Today I practiced the Jesuit tradition of self-practice. For the length of the day I took close analysis of how I communicated with others. I communicated with many different people for example my friends, professors, and my baseball team. For each I noticed how we communicated differently.
First my professors, the way I spoke to them was very different than the way I communicated with my friends. One major change was the dialogue in general, when speaking with professors I always would try to use my best vocabulary. Another change would have to be body language in class it is important that I would at least act like I was paying attention, and sit up straight to make the professors see that I am truly interested.
Communicating with my close friends is much different than communicating in class. With my friend’s body language or few words was enough to let them know what I was thinking. While sitting and studying with a friend with headphones in a simple nod was enough to let them know I was heading out. I also culminate with friends greatly with texts “wanna get lunch” or “whats up” is a common phrase I would send out when looking to hang out.
Lastly the way I communicated with my baseball team was drastically different than with my professors or even friends. For the most part we would communicate greatly through Facebook.
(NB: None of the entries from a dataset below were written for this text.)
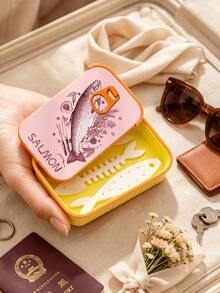 Portable Salmon Pattern Travel Jewelry Box With Fish-Shaped Compartments, Compact Anti-Tangle Earring And Necklace Storage Box, Exquisite Small Jewelry Organizer For Travel And Daily Use, Gift For Female Friends - Multicolor - View 5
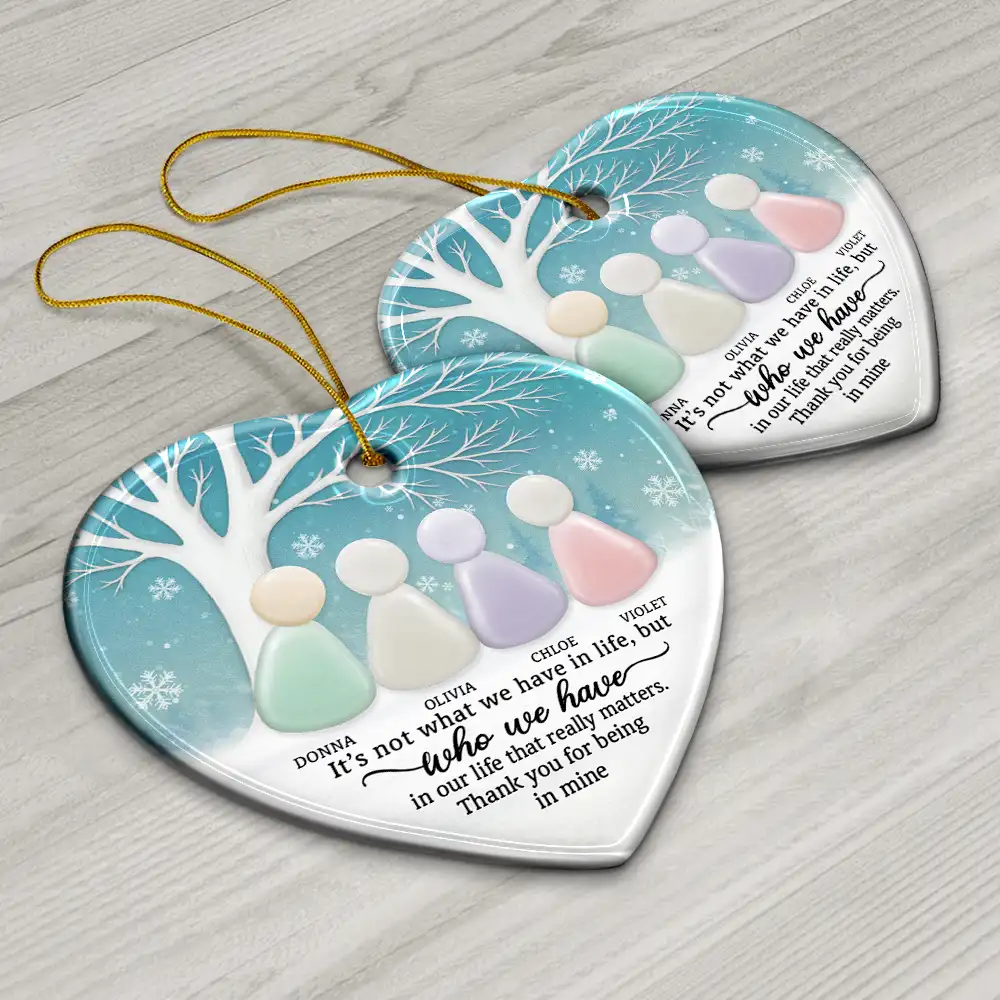 A True Friend Is Like Sea Glass 2D Sea Glass Effect - Personalized Heart Ceramic Ornament - Image 7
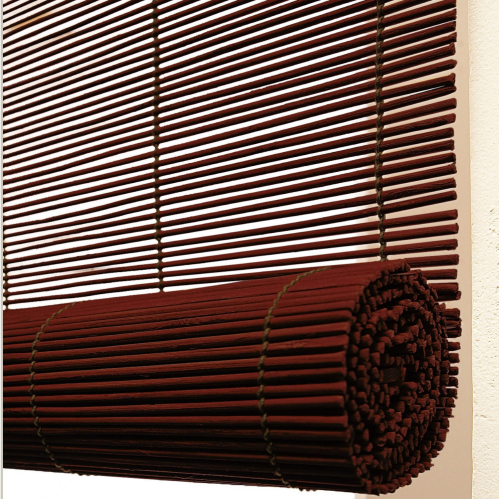 Roll'up bambou fins rondins pour intérieur - Chocolat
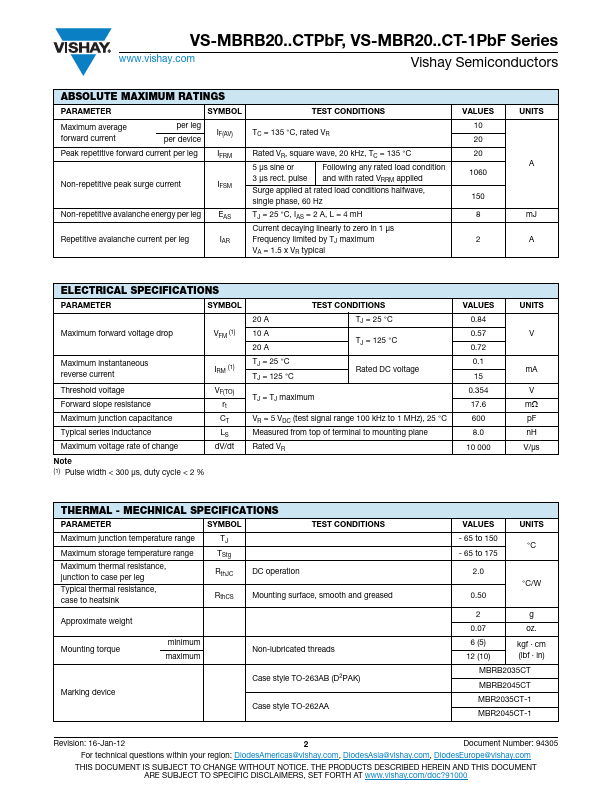 VS-MBRB2035CTPbF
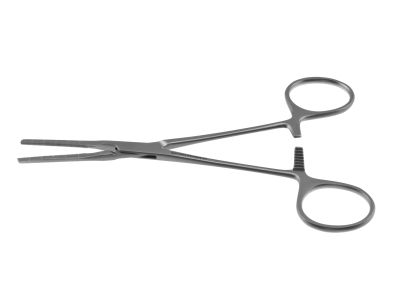 Cooley clamp, 5 1/4'',pediatric, straight, 3.0cm long atraumatic jaws, ring handle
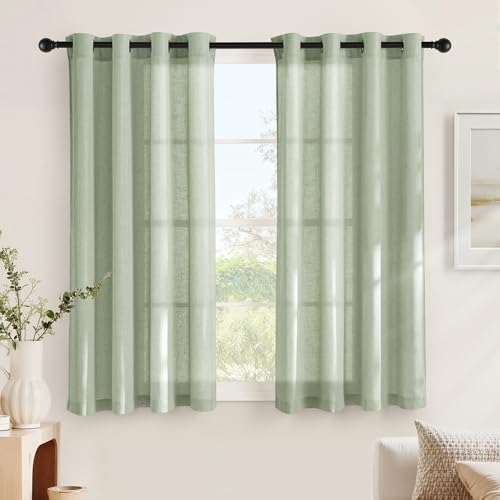 NICETOWN Rideau Voilage Lin - Rideaux en Lin Draperies Filtre de Lumière Décoration de Fenetre Maison Chambre Cuisine avec Oeillets, L140xH160cm, Lot de 2,...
That is not the only way we communicate though, because I am a catcher I communicate with the pitchers greatly through the use of signs.
The hour when I disconnected myself from electronic ways of communicating was extremely difficult for about the first 15-20 minutes. I was running around trying to find someone on the baseball team to find out if we had practice. After I found out about the practice I seemed to forgot about the rest of the hour and it was actually really nice to be able to relax and just hang out with my roommates without having to worry about checking my phone, or email or anything.